Other members of the committee include Pro VC (administration) Prof Muhammad Samad, deans of 13 faculties, and directors of Institute of Business Administration and Institute of Education and Research.

At the same meeting, the council decided that the university will continue to enrol students through its own method of admission tests, said several professors who attended the meeting.

The uniform admission test has been rejected to protect the university's "uniqueness", Abul Mansur Ahmed, professor of mass communication and member of the DU senate, told reporters during a break in the meeting.

"Dhaka University has its own heritage and it's unique… The decision of not adopting the uniform admission test was taken unanimously," he said.

After deciding about the admission tests, the professors started discussing whether to stop enrolment in the evening courses.

A committee consisting of five deans on February 9 recommended stopping enrolment of students in the evening courses until a guideline was in place.

It was a closed-door meeting, but the microphones and speakers at the senate were left on for nearly an hour, allowing reporters outside to hear what was being said inside. About 15 professors were heard saying that they were against stopping enrolment in the evening courses. Only two professors said the committee's recommendations to shut down the courses should be implemented.

Most of the academicians said the university earned a lot from the tuition fees paid by the students of evening courses and sometimes the evening courses brightened DU's image.

Prof Kamal Uddin of the business faculty said that the university earned Tk 50 crore a year from the courses and if the courses shut down, the university will be deprived.

Prof Kamal appears to have made an about turn on the issue because in a senate meeting in 2017, he slammed the evening courses, saying the university was not a money-making machine.

"In the name of evening courses, many public universities, including Dhaka University, are producing under-qualified graduates. A section of teachers of our university are playing an active role in introducing and continuing these below-standard evening courses for their personal gains. But they should keep in mind that the university is not a money-making machine," he had said.

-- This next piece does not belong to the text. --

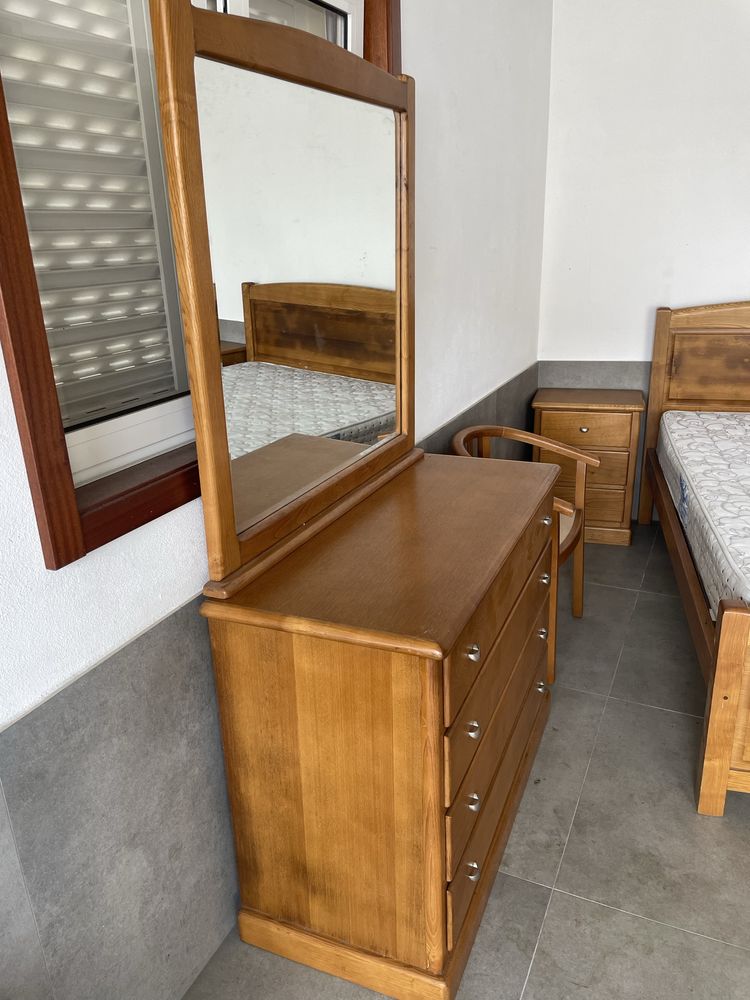 Conjunto mobilia quarto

At yesterday's meeting, Prof Chowdhury Saima Ferdous of international business said, "What has happened that warrants shutting down the evening programme? We offer quality education in the evening courses."

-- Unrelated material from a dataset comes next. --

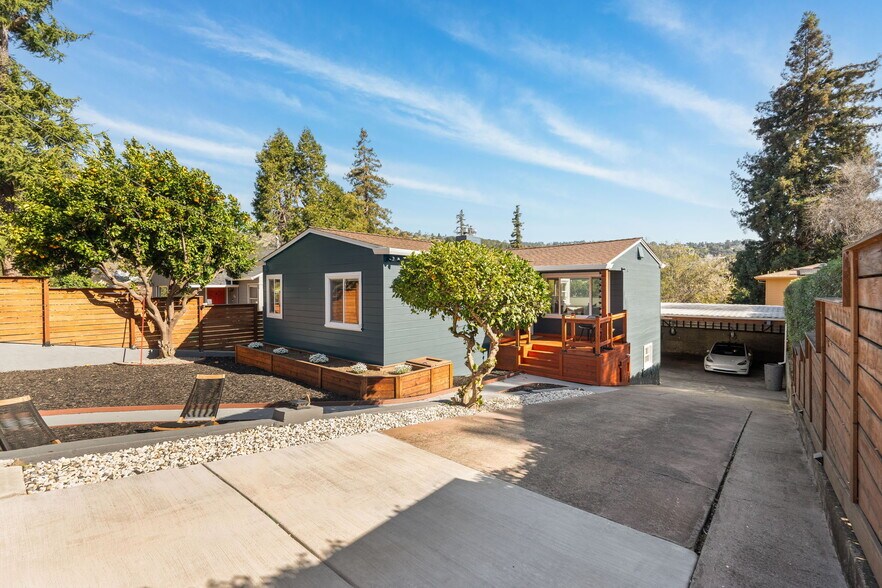 More Photos Of 8124 Greenly Dr, Oakland Apartments For Sale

KM Saiful Islam Khan of Persian studies was one of the two professors who said during the first hour that the evening courses should stop.

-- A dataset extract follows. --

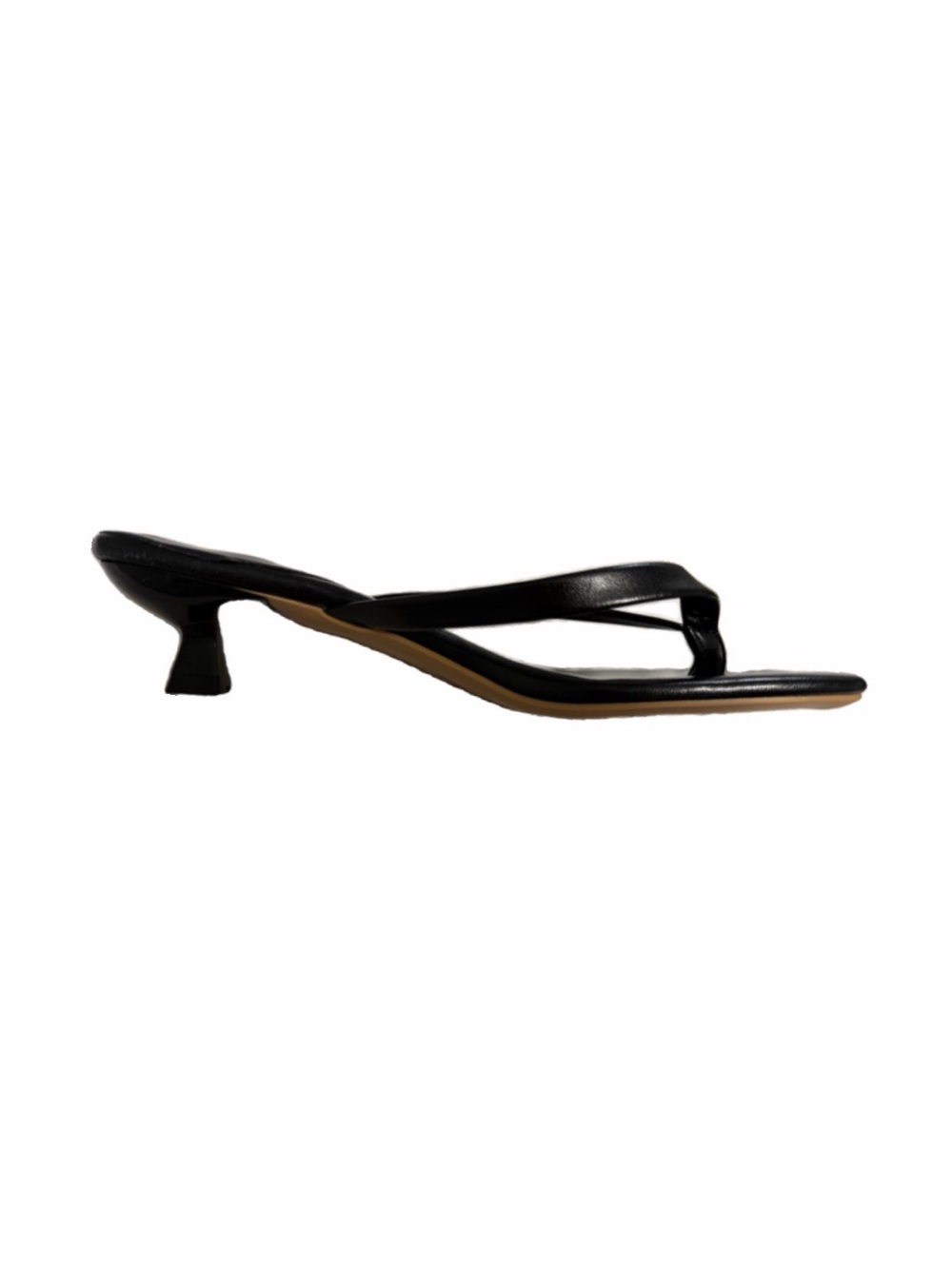 Source Unknown Black Leather Thong Kitten Heel Sandal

"Those courses are tarnishing the image of the university. The students enrolled in those courses outnumber the entire university's regular students. We have to consider the need of our regular students because their classes are being hampered," he said.

Referring to the Ducsu leaders' appeal to shut down the evening courses, Prof M Muzahidul Islam, director of the evening programme, Master of Tax Management, said, "Many of the Ducsu leaders got admitted into the course I direct. Even several leftist leaders, who want free education, got enrolled into the course. I do not think that they want it to stop."

Prof Tofail Ahmed Chowdhury, dean of science faculty and convener of the evaluation committee that submitted its report earlier this month, addressed the meeting, saying why the evening courses should stop until the guidelines were made.

Prof Tofail later told reporters that as he spoke, many of the professors shouted "shame, shame".

Expressing his support for the evening courses, physics Professor ABM Obaidul Islam, also convener of the BNP-backed senate panel, said some courses could be reformed if need be, but shutting down would not be wise.

Criminology professor and senate member Zia Rahman said, "Those evening courses brighten the image of the university indirectly."

He questioned the "seriousness" of the evaluation committee's report.

Meanwhile, Rajshahi University at its academic council meeting chaired by Vice Chancellor Prof M Abdus Sobhan also rejected the uniform admission test.

Emerging from the meeting, the VC told journalists that the uniform admission test posed risks of question paper leaks, and ensuring standards would be difficult in uniform test.

"We take pride in the fact that there was never an instance of question paper leak in our admission tests. Also, the standard which we maintain while organising the admission tests… we are not sure if the uniform test will ensure that. Therefore, the academic council has decided not to adopt uniform admission tests," he said.

University Grants Commission earlier decided that a uniform admission test would be held at all public universities.